[Records provided Boundary: Start]

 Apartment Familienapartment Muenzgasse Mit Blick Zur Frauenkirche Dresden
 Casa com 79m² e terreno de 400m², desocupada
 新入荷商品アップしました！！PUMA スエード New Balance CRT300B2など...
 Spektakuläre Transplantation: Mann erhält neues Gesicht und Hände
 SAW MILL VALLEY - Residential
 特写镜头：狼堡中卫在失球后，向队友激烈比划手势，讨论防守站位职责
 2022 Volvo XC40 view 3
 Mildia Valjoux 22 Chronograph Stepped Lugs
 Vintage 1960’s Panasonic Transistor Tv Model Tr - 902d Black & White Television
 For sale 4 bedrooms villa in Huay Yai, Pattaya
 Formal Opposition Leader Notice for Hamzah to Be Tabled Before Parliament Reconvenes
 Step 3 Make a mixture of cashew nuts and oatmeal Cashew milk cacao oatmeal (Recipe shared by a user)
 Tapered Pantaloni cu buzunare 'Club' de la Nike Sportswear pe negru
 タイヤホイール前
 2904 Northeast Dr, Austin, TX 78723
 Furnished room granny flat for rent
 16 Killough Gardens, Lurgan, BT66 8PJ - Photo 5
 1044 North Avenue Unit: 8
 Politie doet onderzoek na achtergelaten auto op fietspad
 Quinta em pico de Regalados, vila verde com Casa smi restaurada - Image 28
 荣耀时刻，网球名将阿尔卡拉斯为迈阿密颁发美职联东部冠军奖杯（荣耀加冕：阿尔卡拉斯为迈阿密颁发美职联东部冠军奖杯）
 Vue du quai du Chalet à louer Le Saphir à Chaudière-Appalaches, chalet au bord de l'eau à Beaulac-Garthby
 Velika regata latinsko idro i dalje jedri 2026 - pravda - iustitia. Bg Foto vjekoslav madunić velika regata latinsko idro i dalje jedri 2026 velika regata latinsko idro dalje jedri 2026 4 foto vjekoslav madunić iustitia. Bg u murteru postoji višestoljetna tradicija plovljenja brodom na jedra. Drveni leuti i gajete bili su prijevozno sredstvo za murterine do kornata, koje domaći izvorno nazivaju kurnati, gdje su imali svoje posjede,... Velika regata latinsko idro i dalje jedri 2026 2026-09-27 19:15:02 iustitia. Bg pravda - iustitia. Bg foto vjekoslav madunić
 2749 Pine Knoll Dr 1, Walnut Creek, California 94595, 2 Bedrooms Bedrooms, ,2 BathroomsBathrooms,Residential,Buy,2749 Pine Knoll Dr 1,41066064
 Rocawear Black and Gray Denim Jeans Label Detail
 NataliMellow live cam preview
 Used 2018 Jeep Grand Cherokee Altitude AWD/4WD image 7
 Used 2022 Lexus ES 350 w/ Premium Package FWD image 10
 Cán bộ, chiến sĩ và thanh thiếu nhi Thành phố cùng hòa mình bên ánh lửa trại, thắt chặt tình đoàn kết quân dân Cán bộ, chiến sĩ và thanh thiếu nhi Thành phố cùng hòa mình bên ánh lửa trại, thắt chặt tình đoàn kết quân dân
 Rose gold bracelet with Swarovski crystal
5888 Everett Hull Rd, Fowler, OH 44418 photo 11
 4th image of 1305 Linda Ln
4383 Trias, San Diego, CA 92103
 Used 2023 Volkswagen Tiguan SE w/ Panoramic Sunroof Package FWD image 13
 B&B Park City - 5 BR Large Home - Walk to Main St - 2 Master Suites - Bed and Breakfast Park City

[Records provided Boundary: End]

Each line above must be output exactly as it stands.

 Apartment Familienapartment Muenzgasse Mit Blick Zur Frauenkirche Dresden
 Casa com 79m² e terreno de 400m², desocupada
 新入荷商品アップしました！！PUMA スエード New Balance CRT300B2など...
 Spektakuläre Transplantation: Mann erhält neues Gesicht und Hände
 SAW MILL VALLEY - Residential
 特写镜头：狼堡中卫在失球后，向队友激烈比划手势，讨论防守站位职责
 2022 Volvo XC40 view 3
 Mildia Valjoux 22 Chronograph Stepped Lugs
 Vintage 1960’s Panasonic Transistor Tv Model Tr - 902d Black & White Television
 For sale 4 bedrooms villa in Huay Yai, Pattaya
 Formal Opposition Leader Notice for Hamzah to Be Tabled Before Parliament Reconvenes
 Step 3 Make a mixture of cashew nuts and oatmeal Cashew milk cacao oatmeal (Recipe shared by a user)
 Tapered Pantaloni cu buzunare 'Club' de la Nike Sportswear pe negru
 タイヤホイール前
 2904 Northeast Dr, Austin, TX 78723
 Furnished room granny flat for rent
 16 Killough Gardens, Lurgan, BT66 8PJ - Photo 5
 1044 North Avenue Unit: 8
 Politie doet onderzoek na achtergelaten auto op fietspad
 Quinta em pico de Regalados, vila verde com Casa smi restaurada - Image 28
 荣耀时刻，网球名将阿尔卡拉斯为迈阿密颁发美职联东部冠军奖杯（荣耀加冕：阿尔卡拉斯为迈阿密颁发美职联东部冠军奖杯）
 Vue du quai du Chalet à louer Le Saphir à Chaudière-Appalaches, chalet au bord de l'eau à Beaulac-Garthby
 Velika regata latinsko idro i dalje jedri 2026 - pravda - iustitia. Bg Foto vjekoslav madunić velika regata latinsko idro i dalje jedri 2026 velika regata latinsko idro dalje jedri 2026 4 foto vjekoslav madunić iustitia. Bg u murteru postoji višestoljetna tradicija plovljenja brodom na jedra. Drveni leuti i gajete bili su prijevozno sredstvo za murterine do kornata, koje domaći izvorno nazivaju kurnati, gdje su imali svoje posjede,... Velika regata latinsko idro i dalje jedri 2026 2026-09-27 19:15:02 iustitia. Bg pravda - iustitia. Bg foto vjekoslav madunić
 2749 Pine Knoll Dr 1, Walnut Creek, California 94595, 2 Bedrooms Bedrooms, ,2 BathroomsBathrooms,Residential,Buy,2749 Pine Knoll Dr 1,41066064
 Rocawear Black and Gray Denim Jeans Label Detail
 NataliMellow live cam preview
 Used 2018 Jeep Grand Cherokee Altitude AWD/4WD image 7
 Used 2022 Lexus ES 350 w/ Premium Package FWD image 10
 Cán bộ, chiến sĩ và thanh thiếu nhi Thành phố cùng hòa mình bên ánh lửa trại, thắt chặt tình đoàn kết quân dân Cán bộ, chiến sĩ và thanh thiếu nhi Thành phố cùng hòa mình bên ánh lửa trại, thắt chặt tình đoàn kết quân dân
 Rose gold bracelet with Swarovski crystal
5888 Everett Hull Rd, Fowler, OH 44418 photo 11
 4th image of 1305 Linda Ln
4383 Trias, San Diego, CA 92103
 Used 2023 Volkswagen Tiguan SE w/ Panoramic Sunroof Package FWD image 13
 B&B Park City - 5 BR Large Home - Walk to Main St - 2 Master Suites - Bed and Breakfast Park City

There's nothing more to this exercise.